Salt Research
Yıldız Çelik Archive

6 Yckh086 Kazlıçeşme’de bir fabrikada deri işçileri, 1989
Salt Araştırma, Yıldız Çelik Arşivi
Leather workers at a factory in Kazlıçeşme, 1989
Salt Research, Yıldız Çelik Archive
The archive of photographer and photojournalist Yıldız Çelik, whose work focuses on people’s stories, is now accessible at archives.saltresearch.org.

Incorporated into the City, Society, and Economy Archive at Salt Research, the collection highlights Çelik’s photographs taken around Kazlıçeşme and the Galata Bridge in Istanbul in the late 1980s.

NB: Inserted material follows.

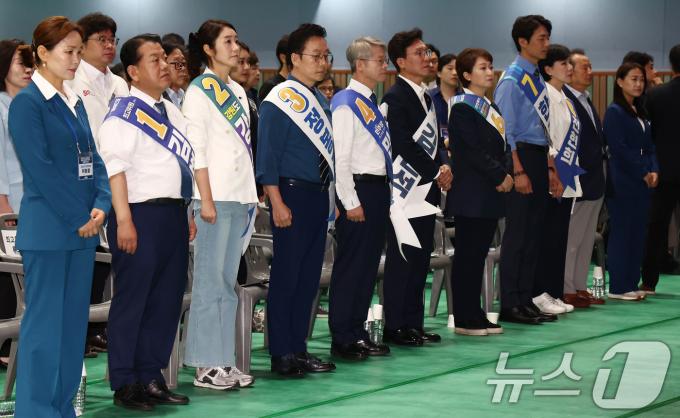 [사진] 애국가 부르는 민주당 최고위원 후보들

Her images taken just before the relocation of the leather factories in Kazlıçeşme to Tuzla capture the working conditions of factory laborers, while her photographs of Eminönü and Karaköy document the construction of the new Galata Bridge and the transformation of the surrounding area.

About Yıldız Çelik
Born in Istanbul in 1960, Yıldız Çelik received photography training at the Istanbul Photography and Cinema Amateurs Association (İFSAK) in 1982. She began her professional career in 1987 at Tempo magazine and later worked as a culture and arts photographer and reporter for Cumhuriyet newspaper. Known for projects including “Life in the Southeast” and “Life in Syria,” Çelik won third prize in the Yunus Nadi Photography Award in 1990 for her photograph Migration from Bulgaria. Between 2007 and 2013, she worked on documentary projects in Southeastern Anatolia, as well as in Syria, Lebanon, Iraq, and Georgia. Her work in Syria received the “Research–Investigation” award in the İsmail Sivri Journalism Competition organized by the Federation of Journalists of Turkey in 2012. In addition to her photography practice, she continues to work as a primary school teacher, writer, and illustrator, producing stories that center on children and collective memory.

Salt Research City, Society, and Economy Archive
The archive collections at Salt Research encompass over 2,000,000 unique digitized resources on art, architecture, design, city, society, and economy. Visual materials in the City, Society, and Economy Archive include printed photographs, glass negatives and positives, slides, film negatives, postcards, and photocards, offering insight into education, social life, and the built environment from the 19th century to the present.